TRY IT> Output only the lines that run from the line holding "پیش‌نمایش فایل reddit-100" to the end of the data below, including both ends, without any pictures.

[RECORDS SUPPLIED — start]

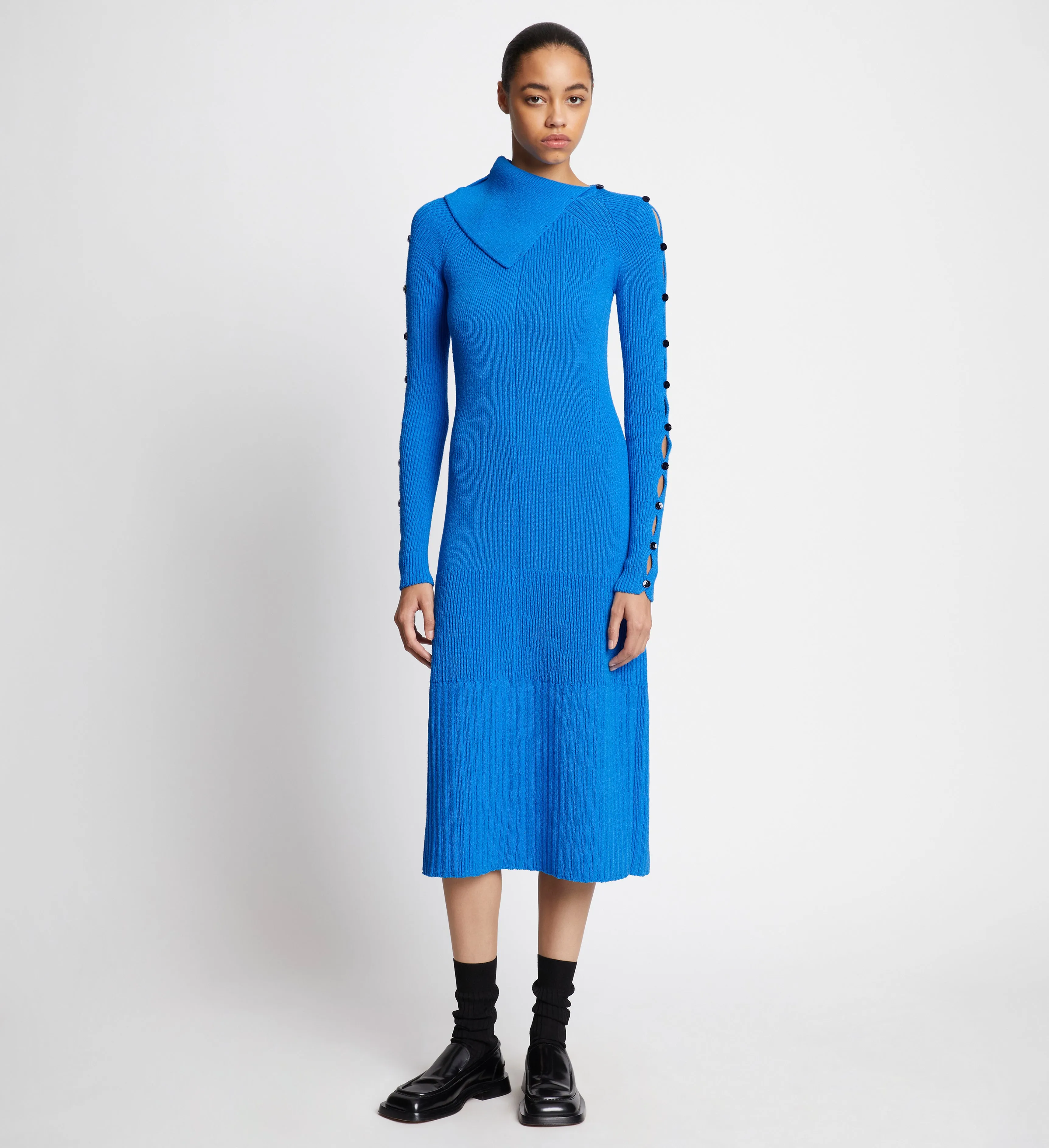 Cotton Rib Knit Dress - BLUE sold by Proenza Schouler product image thumbnail 2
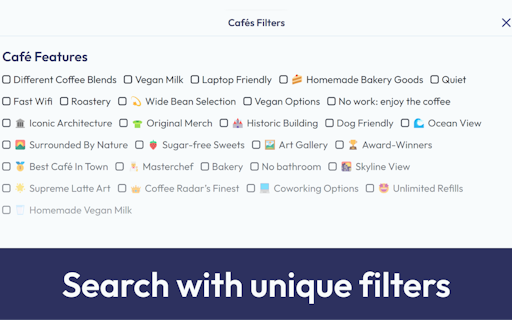 Coffee Radar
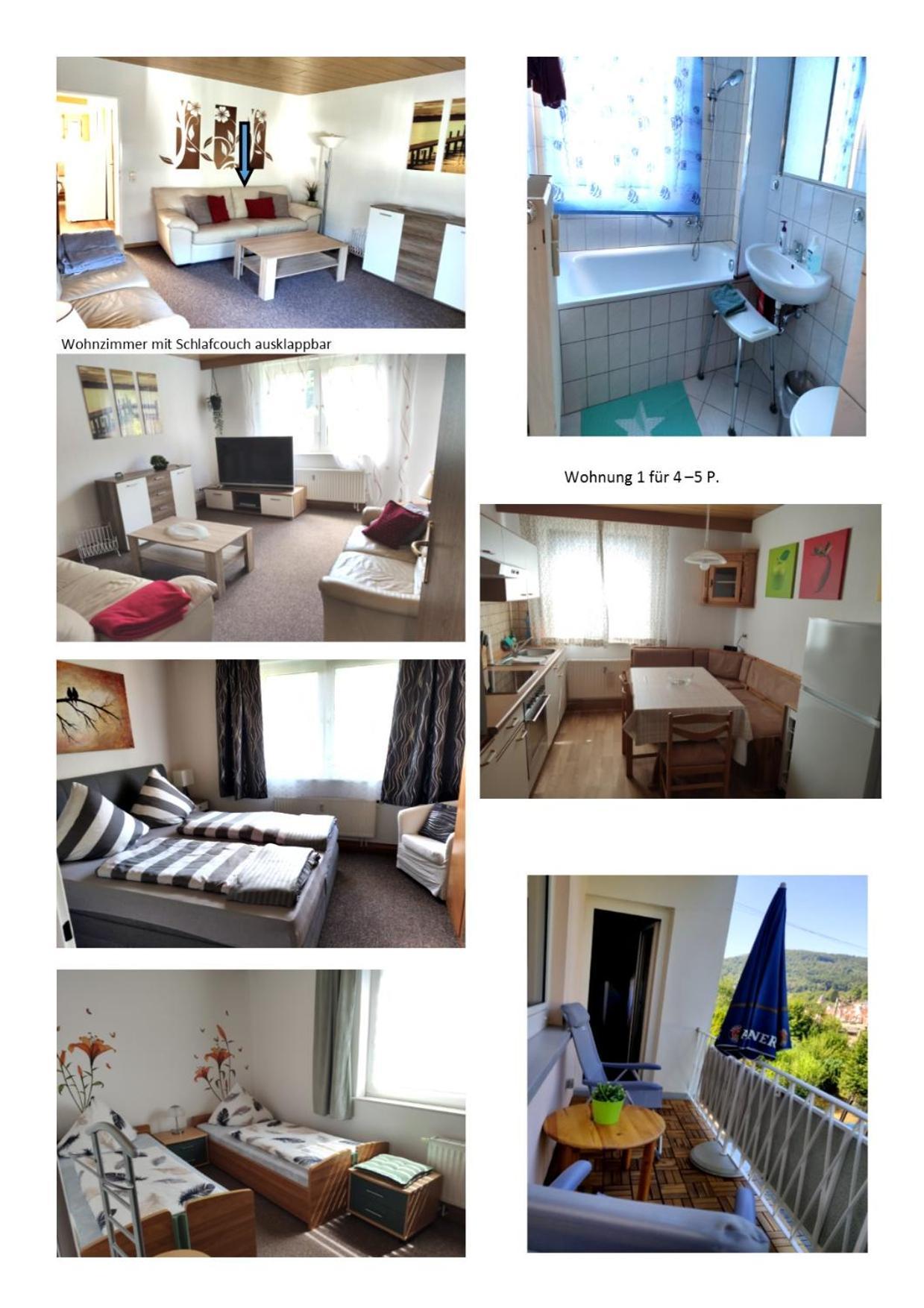 Ferienwohnung Christel Hirschhorn-Neckar Ngoại thất bức ảnh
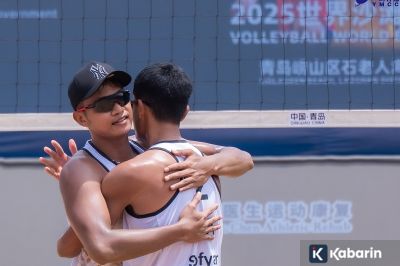 Langkah mulus voli pantai putra Indonesia masih berlanjut di SEA Games 2025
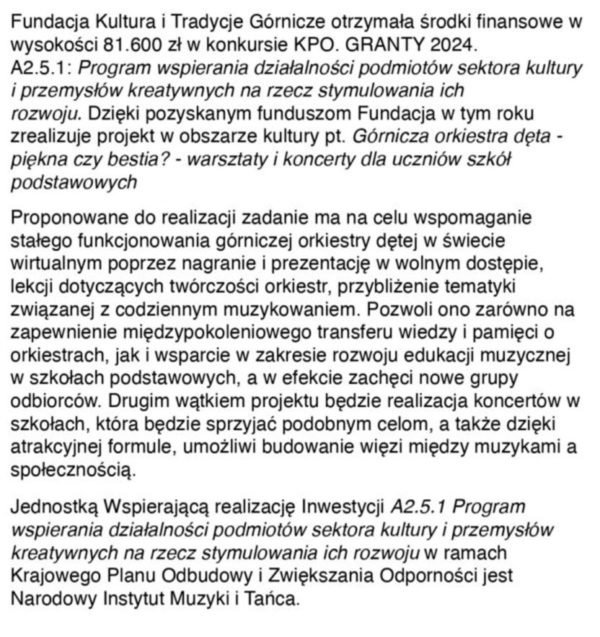 Fundacja Kultura i Tradycje Górnicze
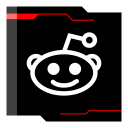پیش‌نمایش فایل reddit-100 از پک شبکه های اجتماعی فلت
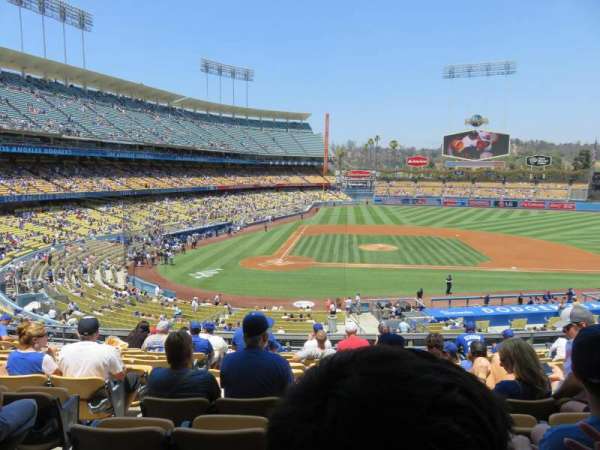 Dodger Stadium, section: 124LG, row: L, seat: 3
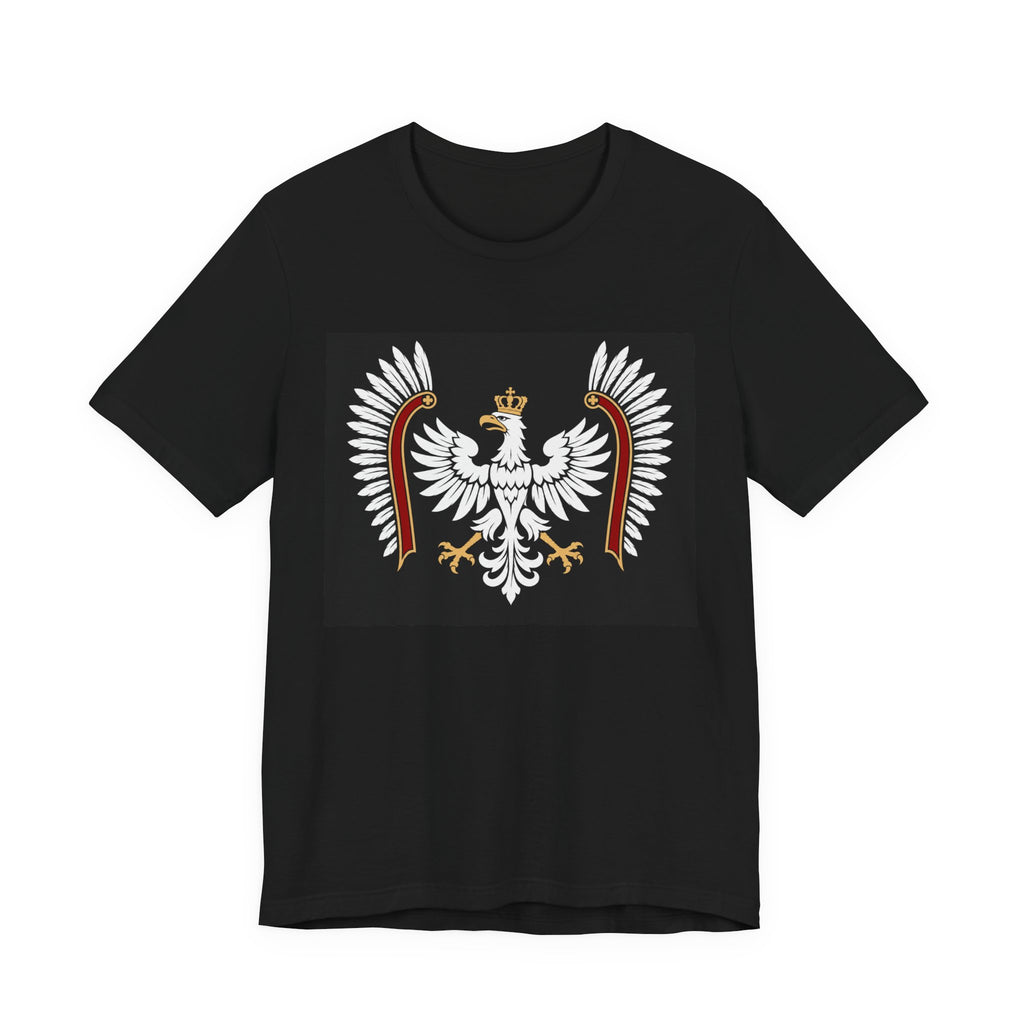 Polish White Eagle Tee — Crowned Heraldic Poland Flag T-Shirt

[RECORDS SUPPLIED — finish]

RESULT>
پیش‌نمایش فایل reddit-100 از پک شبکه های اجتماعی فلت
 Dodger Stadium, section: 124LG, row: L, seat: 3
 Polish White Eagle Tee — Crowned Heraldic Poland Flag T-Shirt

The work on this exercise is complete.